Jean-Pierre Melville's L'aine des Ferchaux (1963)

He had a built-in breathlessness, in fact, an adopted resignation to transience and mutability that is partly an eccentric individualism and partly what Melville inherited from American mobility and obsolescence.
--David Thomson on Jean-Pierre Melville


Melville's film is an example of a European view of America, resembling in its themes such similar works as Nabokov's Lolita (1955) and Sergio Leone's C'era una volta il West (1968).  Though there are some location shots of America most of the film was shot in a studio in France, with re-creations of diners, motels and gas stations that resembles those in the U. S.  Jean-Paul Belmondo is a failed boxer who travels as a secretary with "the eldest of the Ferchaux" (Charles Vanel) to America.  Ferchaux is one step ahead of the law, closing in on his family business in France.  It is Melville's first film in color (beautifully filmed by cinematographer Henri Decae).

As usual, women have only small roles in Melville's films; there is the girlfriend Belmondo sneaks out on and the hitchhiker who tries to rob Vanel and Belmondo on their drive from New York to Louisiana.
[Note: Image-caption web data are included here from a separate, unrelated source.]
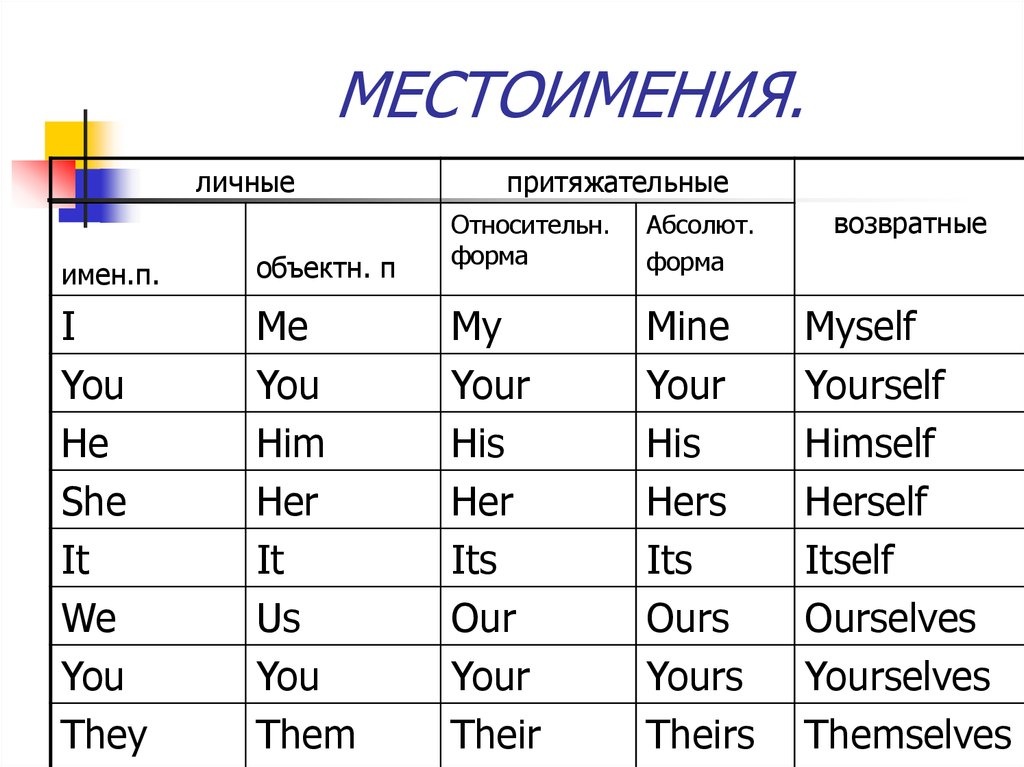 Местоимения ⭐ в английском языке: виды, правила употребления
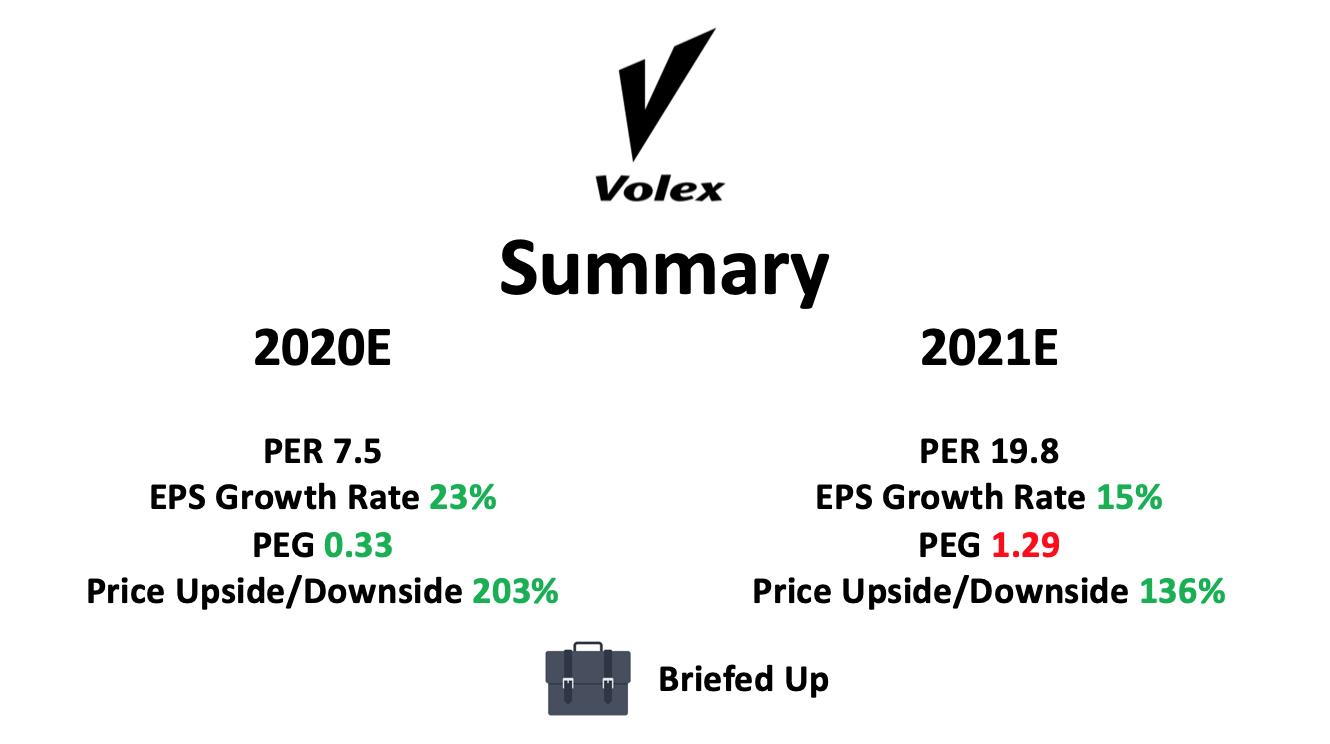 Volex - summary of peg report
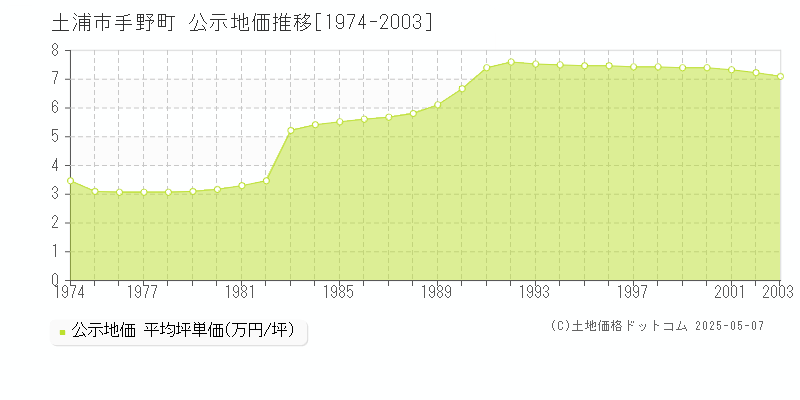 土浦市手野町の地価公示推移グラフ 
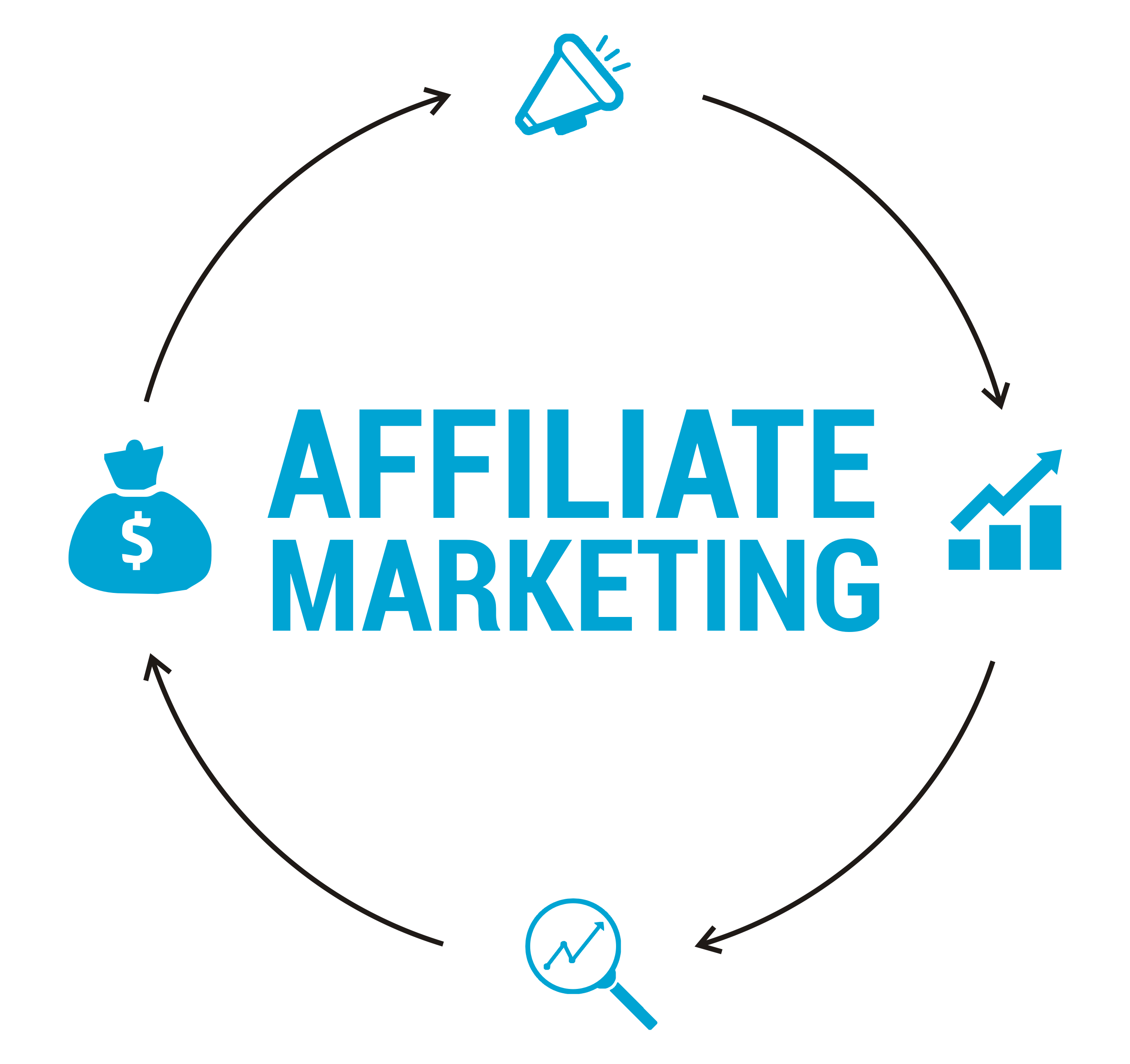 Program Affiliate Transparent PNG Image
There are numerous low-key references to some of Melville's favorite American directors, including John Huston and Frank Tashlin, and there is even a visit to the house in Hoboken where Frank Sinatra grew up, as Belmondo keeps replacing rock 'n roll with Sinatra on juke boxes;  George Delerue's score has a distinctly American flavor.

Melville's view of America in the sixties is emphasized by the generational clash between Vanel and Belmondo, one near the end of his career, the other still at the beginning.  This film is not my favorite Melville, by any means (that would be Le Samourai, 1967) but it is a fascinating, quirky and very personal film by a French director fascinated by America.